I'd argue that ["1", "2", "3", "..", "..", "..", "..", "1"] does actually escape. It seems valid to me to throw an error here.

jgm commented

Yes, I think splitDirectories and check for a .. component is the way to go here.

jgm commented

Have a look at the change I just pushed.

An alternative approach would be to always append a destination path to the relative path, and if no destination path is specified, use the working directory. This should have the same effect in practice.

Great! Thanks for the fix.

@jgm I think it should work until someone complaints that A/../A is a valid path in an archive :)

jgm commented

Hm, yes. Well, I wouldn't object to adding some logic to simplify A/../A to A etc.
Seems like something simple like this could work:

simplifyPath :: FilePath -> IO FilePath
simplifyPath fp = maybe (throwIO (UnsafePath fp)) return (resolve (splitDirectories fp))

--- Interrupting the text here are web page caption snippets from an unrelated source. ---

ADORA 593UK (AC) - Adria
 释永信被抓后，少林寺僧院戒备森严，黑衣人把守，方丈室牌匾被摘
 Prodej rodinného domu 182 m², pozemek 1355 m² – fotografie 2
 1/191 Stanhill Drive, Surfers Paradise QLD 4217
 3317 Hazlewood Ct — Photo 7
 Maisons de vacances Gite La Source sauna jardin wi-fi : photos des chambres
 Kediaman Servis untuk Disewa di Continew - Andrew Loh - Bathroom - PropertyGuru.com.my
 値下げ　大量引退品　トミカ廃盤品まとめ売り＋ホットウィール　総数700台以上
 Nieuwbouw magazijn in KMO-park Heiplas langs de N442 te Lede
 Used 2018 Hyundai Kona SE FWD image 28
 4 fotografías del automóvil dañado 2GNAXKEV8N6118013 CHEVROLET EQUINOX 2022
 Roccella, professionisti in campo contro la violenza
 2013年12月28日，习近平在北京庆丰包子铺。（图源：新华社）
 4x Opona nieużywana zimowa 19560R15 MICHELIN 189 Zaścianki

resolve :: [String] -> Maybe [String]
resolve [] = Just []
resolve ("..":_) = Nothing
resolve (".":xs) = resolve xs
resolve (x:"..":xs) = resolve xs
resolve (x:xs) = (x:) <$> resolve xs

This wouldn't allow

"foo" </> "bar" </> ".." </> ".." </> "baz" 

while it should.

Maybe not very elegant, but something like this would do the job:

simplifyPath :: FilePath -> IO FilePath
simplifyPath fp = maybe (throwIO (UnsafePath fp)) $ return (resolve  (splitDirectories fp))

resolve :: [String] -> Maybe [String]
resolve str = resolve' (elemIndices ".." str') str'
  where str' = filter (== ".") str 
        resolve' [] rest = Just rest
        resolve' (0:_) rest = Nothing
        resolve' (n:ns) rest = (foo <>) <$> resolve' (elemIndices ".." rest') rest'
                                where (foo,bar) = splitAt (n-1) rest
                                      rest' = drop 2 bar 
jgm commented

I like this one because it's a bit more obvious how it works:

import System.FilePath
import Control.Monad
import Codec.Archive.Zip
import Control.Exception

simplifyPath :: FilePath -> IO FilePath
simplifyPath fp =
  maybe (throwIO (UnsafePath fp)) (return . joinPath)
    (resolve . splitDirectories $ fp)

resolve :: Monad m => [String] -> m [String]
resolve =
  fmap reverse . foldl go (return [])
  where
  go acc x = do
    xs <- acc
    case x of
      "."  -> return xs
      ".." -> case xs of
                []     -> fail "outside of root path"
                (_:ys) -> return ys
      _    -> return (x:xs)
jgm commented

I've pushed a change, further testing welcome, and we really need to add some automated tests to ensure that the exception is raised when it should be.